We used an open source dataset for the training of the model.The data can be found here The dataset contained 24 unique features like avg_session_duration, hits,etc. and contained 3 labels - 'buyer','window' and 'hesitant'. The description of the labels is given below :
- Buyer - The customers who often purchase products from the website fall in this category.
- Window - This category includes customers who need a little push over the edge to buy the products.
- Hesitant - This category includes customers who seldom buy products from our website, and therefore need a large incentive to get them over the edge.
We used an lgbm classifier for the problem. We used a total of 20 features for our model, with a 80:20 train/dev split. The model gave an accuracy of 99.345% on the dev set.
We deployed the model using Flask API and Heroku. For every user that opens our website, we use javascript to generate dummy values for the features that we use in our model ( In actual use case, this can simply be done by pulling the values of the user from the database). We then post those values(after encoding the non-numerical values using the respective encoders) to the /predict endpoint of our model, and fetch the classification result from our model. Based on the result, we provide the user with a personalized discount coupon, a coupon which can help us (a shopping firm) maximize our utility.
We used an open source dataset from Kaggle for this task. The dataset can be found here. One can clearly see that the dataset has many outliers, null values, etc, and hence required some good amount of pre-processing. Also, in order to train the bandits on the dataset, we had to combine the 3 files into one. Our pre-processing code can be found in pre-processing.ipynb. The dataset obtained after the final pre-processing can be found here
The finally prepared dataset contains fields like location, country, age, book title, etc, with a total of 383,842 data points.
We used Vowpal Wabbit to train our Multi-Armed Contextual Bandits.
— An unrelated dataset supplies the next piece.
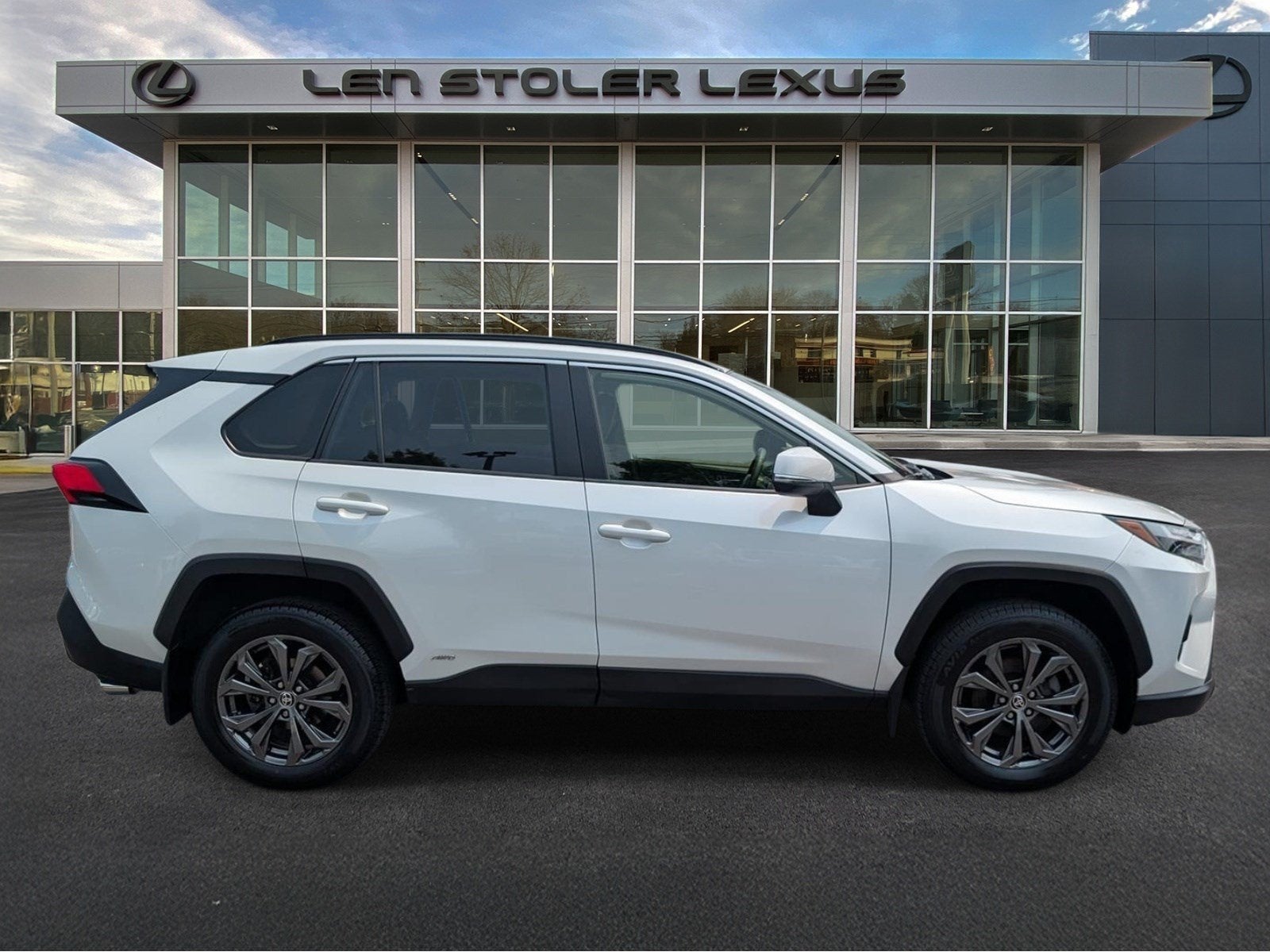 2023 Toyota RAV4 Hybrid XLE Premium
It is simple to use and easily integrable with python. We use cb_explore algorithm, with an epsilon value of 0.2, so as to focus on both, exploration as well as exploitation. Since our final dataset had a total of 135567 unique books, therefore, our final algorithm for training was - cb_explore 135567 --epsilon 0.2
. We used 10 - book_rating
as the cost of choosing the particular datapoint, as cost is the opposite of reward. We used book_rating/10.0
as the probability of choosing the datapoint. We use the clicks as the reward function in the model.
We again used Flask API and Heroku for deploying our model. For every user that visits our website, we generate dummy features like location,age, etc, and push them to the /predict endpoint of our API, which in turn provides us with the top 6 recommendations for the user. These 6 recommendations are then displayed on our homepage in the recommendations section. Once a user selects a particular option, the values previously generated, along with the book_name, are pushed to the /learn endpoint of the API, which learns from the pushed datapoint, and again generates 6 new recommendations after learning. As we know, from the basics of Reinforcement Learning, that by learning, the model tries to maximise its utility by minimising the error, and hence generates perfect recommendations after some learning iterations.